## Data extract:
* * * *

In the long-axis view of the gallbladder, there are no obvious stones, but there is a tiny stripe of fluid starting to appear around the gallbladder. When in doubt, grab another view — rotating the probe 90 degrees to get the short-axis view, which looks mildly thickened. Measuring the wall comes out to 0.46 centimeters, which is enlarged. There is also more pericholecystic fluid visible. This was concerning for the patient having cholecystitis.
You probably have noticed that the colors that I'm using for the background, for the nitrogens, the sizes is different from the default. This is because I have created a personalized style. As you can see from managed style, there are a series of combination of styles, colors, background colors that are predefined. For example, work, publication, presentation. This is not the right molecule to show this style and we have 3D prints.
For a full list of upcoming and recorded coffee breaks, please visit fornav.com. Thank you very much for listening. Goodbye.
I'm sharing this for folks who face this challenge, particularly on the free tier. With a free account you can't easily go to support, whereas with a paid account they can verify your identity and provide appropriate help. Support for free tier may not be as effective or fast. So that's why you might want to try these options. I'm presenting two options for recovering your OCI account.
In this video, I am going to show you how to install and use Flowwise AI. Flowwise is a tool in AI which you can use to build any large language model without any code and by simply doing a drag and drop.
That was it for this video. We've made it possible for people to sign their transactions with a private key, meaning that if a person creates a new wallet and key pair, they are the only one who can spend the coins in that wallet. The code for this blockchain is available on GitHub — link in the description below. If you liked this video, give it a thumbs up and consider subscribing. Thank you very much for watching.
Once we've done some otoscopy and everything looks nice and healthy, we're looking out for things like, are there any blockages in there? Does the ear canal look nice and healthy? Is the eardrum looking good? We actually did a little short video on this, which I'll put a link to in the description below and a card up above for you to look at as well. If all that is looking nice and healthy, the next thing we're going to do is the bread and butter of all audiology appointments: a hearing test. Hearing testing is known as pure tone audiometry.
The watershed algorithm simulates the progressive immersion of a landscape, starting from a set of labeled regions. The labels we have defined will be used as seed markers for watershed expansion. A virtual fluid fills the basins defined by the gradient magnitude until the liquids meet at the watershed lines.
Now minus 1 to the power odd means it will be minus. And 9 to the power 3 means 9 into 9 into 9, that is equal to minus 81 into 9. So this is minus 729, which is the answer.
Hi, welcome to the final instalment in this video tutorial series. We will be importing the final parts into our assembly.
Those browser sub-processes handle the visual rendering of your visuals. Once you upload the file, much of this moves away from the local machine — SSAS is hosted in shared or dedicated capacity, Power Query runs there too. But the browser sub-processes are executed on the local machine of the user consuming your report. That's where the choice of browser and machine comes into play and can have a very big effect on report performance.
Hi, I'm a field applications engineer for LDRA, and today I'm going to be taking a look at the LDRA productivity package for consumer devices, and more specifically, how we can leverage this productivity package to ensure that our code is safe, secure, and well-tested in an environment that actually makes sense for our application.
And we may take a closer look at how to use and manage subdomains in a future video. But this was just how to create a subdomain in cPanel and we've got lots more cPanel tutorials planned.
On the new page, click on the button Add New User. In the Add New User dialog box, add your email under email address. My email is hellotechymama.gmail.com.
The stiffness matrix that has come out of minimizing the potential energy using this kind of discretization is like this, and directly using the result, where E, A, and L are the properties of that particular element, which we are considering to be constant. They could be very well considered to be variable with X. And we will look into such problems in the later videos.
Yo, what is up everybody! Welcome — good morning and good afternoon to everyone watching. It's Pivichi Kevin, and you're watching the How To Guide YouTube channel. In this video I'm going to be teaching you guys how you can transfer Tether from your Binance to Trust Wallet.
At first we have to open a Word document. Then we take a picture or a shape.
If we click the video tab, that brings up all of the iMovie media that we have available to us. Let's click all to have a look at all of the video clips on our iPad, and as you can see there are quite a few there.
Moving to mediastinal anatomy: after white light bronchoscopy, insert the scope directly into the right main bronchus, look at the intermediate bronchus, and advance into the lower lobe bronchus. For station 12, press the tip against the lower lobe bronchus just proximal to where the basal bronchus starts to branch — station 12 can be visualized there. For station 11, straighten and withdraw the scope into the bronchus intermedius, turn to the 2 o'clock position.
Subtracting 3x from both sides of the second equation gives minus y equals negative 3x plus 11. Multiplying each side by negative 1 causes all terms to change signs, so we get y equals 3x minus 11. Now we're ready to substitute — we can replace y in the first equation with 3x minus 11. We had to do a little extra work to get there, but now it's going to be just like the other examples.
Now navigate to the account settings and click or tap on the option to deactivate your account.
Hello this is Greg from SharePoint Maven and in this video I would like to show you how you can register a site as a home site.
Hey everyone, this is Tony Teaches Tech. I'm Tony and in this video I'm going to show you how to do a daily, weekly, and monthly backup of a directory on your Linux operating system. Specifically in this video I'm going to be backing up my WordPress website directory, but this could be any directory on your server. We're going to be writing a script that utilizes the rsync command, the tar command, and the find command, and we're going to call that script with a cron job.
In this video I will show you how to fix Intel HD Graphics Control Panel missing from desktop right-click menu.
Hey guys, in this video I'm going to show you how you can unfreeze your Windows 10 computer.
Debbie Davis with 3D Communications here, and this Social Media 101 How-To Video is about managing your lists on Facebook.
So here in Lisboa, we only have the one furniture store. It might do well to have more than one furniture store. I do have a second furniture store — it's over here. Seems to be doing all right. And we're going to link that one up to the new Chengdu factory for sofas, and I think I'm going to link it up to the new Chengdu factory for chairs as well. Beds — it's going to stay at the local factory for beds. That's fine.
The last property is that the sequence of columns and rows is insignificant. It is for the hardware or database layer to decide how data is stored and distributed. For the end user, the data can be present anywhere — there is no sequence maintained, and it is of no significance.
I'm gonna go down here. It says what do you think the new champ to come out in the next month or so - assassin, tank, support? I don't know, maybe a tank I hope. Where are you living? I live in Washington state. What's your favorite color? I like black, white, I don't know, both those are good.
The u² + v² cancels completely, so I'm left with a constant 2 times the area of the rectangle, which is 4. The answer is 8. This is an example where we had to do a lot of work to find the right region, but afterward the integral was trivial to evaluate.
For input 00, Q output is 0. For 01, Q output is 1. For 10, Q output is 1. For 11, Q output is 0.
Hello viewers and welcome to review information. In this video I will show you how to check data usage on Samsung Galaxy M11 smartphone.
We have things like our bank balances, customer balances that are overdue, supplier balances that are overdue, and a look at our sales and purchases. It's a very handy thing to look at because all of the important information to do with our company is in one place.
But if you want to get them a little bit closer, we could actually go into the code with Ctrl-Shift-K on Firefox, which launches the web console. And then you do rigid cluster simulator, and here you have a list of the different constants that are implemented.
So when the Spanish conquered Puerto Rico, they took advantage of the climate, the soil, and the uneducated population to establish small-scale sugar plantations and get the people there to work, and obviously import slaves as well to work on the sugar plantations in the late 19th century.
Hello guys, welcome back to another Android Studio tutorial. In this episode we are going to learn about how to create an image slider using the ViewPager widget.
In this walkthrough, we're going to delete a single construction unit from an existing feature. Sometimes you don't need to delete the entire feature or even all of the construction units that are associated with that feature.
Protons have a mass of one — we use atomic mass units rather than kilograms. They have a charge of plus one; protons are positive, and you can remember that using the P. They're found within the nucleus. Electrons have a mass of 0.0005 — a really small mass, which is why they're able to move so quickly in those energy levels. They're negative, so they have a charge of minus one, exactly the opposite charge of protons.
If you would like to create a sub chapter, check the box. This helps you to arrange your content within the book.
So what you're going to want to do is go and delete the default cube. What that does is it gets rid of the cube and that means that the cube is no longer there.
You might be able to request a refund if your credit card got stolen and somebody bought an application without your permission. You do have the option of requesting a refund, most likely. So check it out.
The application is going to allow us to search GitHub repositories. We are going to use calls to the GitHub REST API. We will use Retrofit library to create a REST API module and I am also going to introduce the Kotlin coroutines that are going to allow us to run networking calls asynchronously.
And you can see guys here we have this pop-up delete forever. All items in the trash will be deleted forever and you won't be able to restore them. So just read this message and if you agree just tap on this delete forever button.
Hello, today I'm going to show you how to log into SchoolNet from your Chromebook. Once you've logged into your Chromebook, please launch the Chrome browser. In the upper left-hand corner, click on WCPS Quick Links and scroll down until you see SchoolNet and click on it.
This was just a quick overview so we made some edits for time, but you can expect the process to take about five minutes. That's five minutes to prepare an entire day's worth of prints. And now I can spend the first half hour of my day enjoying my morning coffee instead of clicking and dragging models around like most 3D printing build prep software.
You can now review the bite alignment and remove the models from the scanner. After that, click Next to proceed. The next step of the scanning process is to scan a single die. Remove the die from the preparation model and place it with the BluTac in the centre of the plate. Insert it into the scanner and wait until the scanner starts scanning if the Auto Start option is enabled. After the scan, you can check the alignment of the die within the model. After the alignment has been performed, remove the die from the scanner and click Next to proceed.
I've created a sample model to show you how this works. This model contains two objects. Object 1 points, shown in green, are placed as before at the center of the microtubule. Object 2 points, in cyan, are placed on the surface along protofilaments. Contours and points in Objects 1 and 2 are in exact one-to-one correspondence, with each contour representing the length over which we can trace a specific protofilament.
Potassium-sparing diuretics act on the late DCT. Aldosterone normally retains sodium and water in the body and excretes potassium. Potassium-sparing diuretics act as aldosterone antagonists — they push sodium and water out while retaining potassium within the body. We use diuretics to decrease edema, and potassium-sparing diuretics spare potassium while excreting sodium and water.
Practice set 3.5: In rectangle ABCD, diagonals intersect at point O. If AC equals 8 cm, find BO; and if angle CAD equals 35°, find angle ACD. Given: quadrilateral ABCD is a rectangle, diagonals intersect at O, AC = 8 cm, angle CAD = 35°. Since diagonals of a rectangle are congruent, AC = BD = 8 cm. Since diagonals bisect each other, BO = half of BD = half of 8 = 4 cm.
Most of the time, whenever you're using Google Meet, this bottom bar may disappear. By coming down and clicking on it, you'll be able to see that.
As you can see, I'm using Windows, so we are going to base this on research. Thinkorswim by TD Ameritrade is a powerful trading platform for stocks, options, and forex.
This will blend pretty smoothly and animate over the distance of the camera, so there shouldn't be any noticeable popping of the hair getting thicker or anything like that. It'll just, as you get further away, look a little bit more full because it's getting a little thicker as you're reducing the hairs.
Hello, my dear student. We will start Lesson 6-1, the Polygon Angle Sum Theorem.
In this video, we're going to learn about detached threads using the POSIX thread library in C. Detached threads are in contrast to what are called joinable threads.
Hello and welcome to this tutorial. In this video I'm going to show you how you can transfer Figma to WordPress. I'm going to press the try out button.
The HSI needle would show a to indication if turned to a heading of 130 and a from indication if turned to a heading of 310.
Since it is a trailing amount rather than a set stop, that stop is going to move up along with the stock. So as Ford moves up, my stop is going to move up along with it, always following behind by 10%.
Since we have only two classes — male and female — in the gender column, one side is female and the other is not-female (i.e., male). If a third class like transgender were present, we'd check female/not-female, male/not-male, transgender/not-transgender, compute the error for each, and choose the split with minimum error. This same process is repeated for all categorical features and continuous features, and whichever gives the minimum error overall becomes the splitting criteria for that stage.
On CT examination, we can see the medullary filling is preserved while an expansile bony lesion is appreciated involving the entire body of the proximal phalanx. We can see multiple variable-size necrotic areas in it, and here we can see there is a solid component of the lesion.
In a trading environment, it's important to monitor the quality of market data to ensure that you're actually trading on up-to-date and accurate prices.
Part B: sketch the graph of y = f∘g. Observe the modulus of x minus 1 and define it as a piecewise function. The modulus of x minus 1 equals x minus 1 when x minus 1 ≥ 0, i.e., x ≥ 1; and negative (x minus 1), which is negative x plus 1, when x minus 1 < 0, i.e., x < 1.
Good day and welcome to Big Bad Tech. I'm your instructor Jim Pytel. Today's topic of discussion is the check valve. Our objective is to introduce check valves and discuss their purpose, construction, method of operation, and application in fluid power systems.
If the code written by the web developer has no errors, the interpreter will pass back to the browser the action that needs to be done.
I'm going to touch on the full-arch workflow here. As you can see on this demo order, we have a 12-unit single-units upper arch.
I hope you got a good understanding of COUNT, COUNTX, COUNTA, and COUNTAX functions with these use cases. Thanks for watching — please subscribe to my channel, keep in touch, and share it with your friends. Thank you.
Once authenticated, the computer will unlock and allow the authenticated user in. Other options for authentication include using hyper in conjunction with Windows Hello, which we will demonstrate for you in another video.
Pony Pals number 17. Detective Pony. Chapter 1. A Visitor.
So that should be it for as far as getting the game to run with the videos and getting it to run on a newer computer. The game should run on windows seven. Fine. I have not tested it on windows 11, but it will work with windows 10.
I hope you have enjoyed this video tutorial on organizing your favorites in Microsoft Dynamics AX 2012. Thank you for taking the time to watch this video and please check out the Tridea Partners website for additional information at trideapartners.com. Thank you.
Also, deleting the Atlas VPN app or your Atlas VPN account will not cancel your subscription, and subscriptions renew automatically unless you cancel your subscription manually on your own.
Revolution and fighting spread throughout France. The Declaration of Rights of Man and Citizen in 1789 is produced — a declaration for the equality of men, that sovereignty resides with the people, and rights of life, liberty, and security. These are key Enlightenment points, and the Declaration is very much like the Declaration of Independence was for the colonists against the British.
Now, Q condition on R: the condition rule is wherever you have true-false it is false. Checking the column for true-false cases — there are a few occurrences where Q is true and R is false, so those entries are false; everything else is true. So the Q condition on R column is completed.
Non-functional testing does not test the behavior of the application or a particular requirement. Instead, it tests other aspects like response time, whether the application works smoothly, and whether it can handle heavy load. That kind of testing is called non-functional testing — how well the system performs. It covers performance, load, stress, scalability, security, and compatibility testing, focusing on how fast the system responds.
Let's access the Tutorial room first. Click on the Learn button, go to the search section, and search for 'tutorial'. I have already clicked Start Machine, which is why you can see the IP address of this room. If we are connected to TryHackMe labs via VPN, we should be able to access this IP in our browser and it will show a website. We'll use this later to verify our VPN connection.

* * * *

## Task to complete:
The answer must consist of each line in the entries above that includes "everything".

## Solved problem:
Once we've done some otoscopy and everything looks nice and healthy, we're looking out for things like, are there any blockages in there? Does the ear canal look nice and healthy? Is the eardrum looking good? We actually did a little short video on this, which I'll put a link to in the description below and a card up above for you to look at as well. If all that is looking nice and healthy, the next thing we're going to do is the bread and butter of all audiology appointments: a hearing test. Hearing testing is known as pure tone audiometry.
Now, Q condition on R: the condition rule is wherever you have true-false it is false. Checking the column for true-false cases — there are a few occurrences where Q is true and R is false, so those entries are false; everything else is true. So the Q condition on R column is completed.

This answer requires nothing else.